With the bursting of the dot-com bubble, emphasizing its e-commerce credentials quickly lost its luster for Siegelgale. At least it was not among the many dot-com casualties, but the slumping economy of the early years of the new century took its toll on the firm. In 2002, the London office was downsized and a year later was eliminated entirely, with the work for international clients turned over to the New York office. Although Alan Siegel was pleased with the firm's freedom, he was practical enough to realize the company's limitations as an independent company competing in a world of massive, global media concerns.

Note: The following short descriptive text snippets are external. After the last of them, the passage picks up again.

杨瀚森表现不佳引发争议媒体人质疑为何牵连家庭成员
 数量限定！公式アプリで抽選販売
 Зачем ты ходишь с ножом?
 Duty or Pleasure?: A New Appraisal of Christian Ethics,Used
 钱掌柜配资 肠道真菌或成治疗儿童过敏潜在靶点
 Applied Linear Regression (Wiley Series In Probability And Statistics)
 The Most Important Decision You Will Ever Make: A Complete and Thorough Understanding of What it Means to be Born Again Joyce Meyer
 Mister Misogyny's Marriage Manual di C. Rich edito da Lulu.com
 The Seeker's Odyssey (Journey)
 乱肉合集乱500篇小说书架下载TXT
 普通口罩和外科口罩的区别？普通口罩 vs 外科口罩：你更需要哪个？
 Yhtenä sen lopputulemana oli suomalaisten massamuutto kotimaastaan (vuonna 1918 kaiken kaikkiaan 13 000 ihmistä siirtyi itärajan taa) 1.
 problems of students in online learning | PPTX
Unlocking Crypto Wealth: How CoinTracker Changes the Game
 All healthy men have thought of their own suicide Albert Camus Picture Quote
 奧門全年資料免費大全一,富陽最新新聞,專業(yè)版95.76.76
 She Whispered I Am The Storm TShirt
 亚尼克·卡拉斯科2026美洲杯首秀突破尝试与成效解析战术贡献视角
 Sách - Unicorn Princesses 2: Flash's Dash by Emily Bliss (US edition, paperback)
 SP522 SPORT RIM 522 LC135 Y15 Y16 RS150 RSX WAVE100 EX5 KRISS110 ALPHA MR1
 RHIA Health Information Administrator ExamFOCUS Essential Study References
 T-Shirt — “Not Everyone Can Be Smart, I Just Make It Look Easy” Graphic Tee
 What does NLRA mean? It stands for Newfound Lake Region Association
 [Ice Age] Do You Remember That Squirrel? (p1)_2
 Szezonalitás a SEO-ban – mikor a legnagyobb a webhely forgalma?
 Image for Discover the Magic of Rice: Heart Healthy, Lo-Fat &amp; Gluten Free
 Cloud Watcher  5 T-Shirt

In an August 2001 interview with Brand Strategy, he admitted that the eventual realignment of the firm with a large advertising agency was "a distinct possibility." Nearly two years later, in May 2003, that possibility became reality when Omnicom Group acquired Siegelgale for an undisclosed amount of money, part of a buying spree to build up its Diversified Agency Services Group. Alan Siegel stayed on as chairman of the company, which subsequently reverted to its original name of Siegel & Gale.

Principal Competitors: Corporate Branding, LLC; FutureBrand Worldwide; The Richards Group, Inc.

Further Reading:

  • Bernstein, Robert, "Brand Man," Brandweek, November 27, 2000, p. IQ14.
  • Elliott, Stuart, "Siegel & Gale, a Brand and Image Makeover Consultant, Decides to Practice What It Preaches," New York Times, February 9, 2000, p. C8.
  • Grieves, Robert T., "Rewrite Man," Forbes, September 19, 1988, p. 198.
  • Mortimer, Ruth, "The Frank Yank, Who Shoots From the Hip," Brand Strategy, August 2001, p. 3.
  • "Online Interview: Alan Siegel," Interactive PR, February 3, 1997.